Referenced article: https://medium.com/airbnb-engineering/how-airbnb-uses-machine-learning-to-detect-host-preferences-18ce07150fa3
Who are your Target Users?
Guests looking for a place to stay. They are usually travellers looking for an affordable and comfortable place.
What are their Key Goals?
They want customers to feel at home anywhere they go in the world, outside their own homes.
How can you help them accomplish their goals?

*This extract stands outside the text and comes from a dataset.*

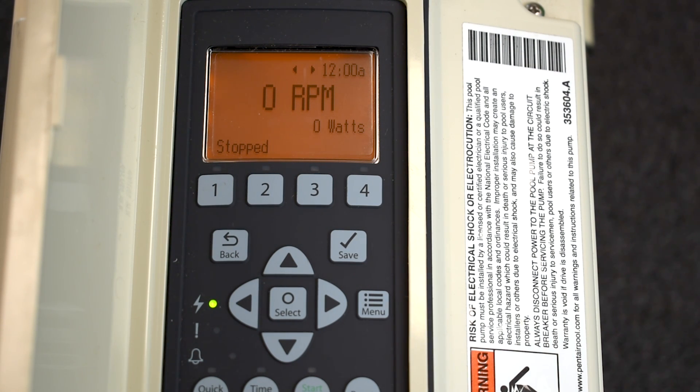I'm Jacob with ePool Supply. Thanks for tuning in — this is how you program an IntelliFlow variable speed pool pump from front to back. Thanks for watching, subscribe today, check out the links below, and we've got a lot more content coming your way.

I would first encourage them to provide users with feedback surveys on what they would like to see or have improved functionally on the website. Next, I would try to improve their website user interface, based on the user feedback. Users would include both guests and the hosts. A machine learning algorithm can be used to measure the likelihood a host wants to accommodate a guest’s requests - this idea is being referenced from the referenced articlen above. The hope is that the higher the likelihood a host wants to accommodate a guest, the more the guest would feel at home, which is the goal of AirBnb. A machine learning algorithm can also be used for replicating bright spots measured by how many stars and positive text feedback a guest gave a host. The more stars and positive feedback a host has, the closer that AirBnb gets to achieving its goal for accomodating guests. The algorithm can help acquire and replicate patterns and trends for what makes guests happiest with their stays. It would also make sense to create a scenario design for the organization of AirBnb. This can help acquire information on how employees can perform their best for the organization.
Currently on the site’s interface, there are no apparent options for guests to select their preferred transportation methods near the host locations/preferred guest locations. What can be added is a selection of available transportation options such as public transportation or car rental service businesses near their preferred location. Preferences for nearby food such as restaurants or grocery stores can also be added to the guest’s options when looking for a place to stay.
I would try to provide more accurate text-mining and machine-learning methods in the algorithm, for a potential guest to get the best host match for their listed preferences. This search may work similar to a “bag of words” type of approach, for example how recruiters find keywords for necessary skills on resumes. I would try to acquire as many preferences as possible from each the guest’s and the host’s text input. This could be done where instead of having only pre-defined checkboxes for user input, the user can be provided with a textbox to enter further text for more freedom of input. Currently, the website features pre-defined preferences for the user to select. Overall, the hope for this approach is to achieve more accurate matches. Incase the user text-input does not return matches, the algorithm can fall back on the pre-defined checkboxes that the user provided as preferences.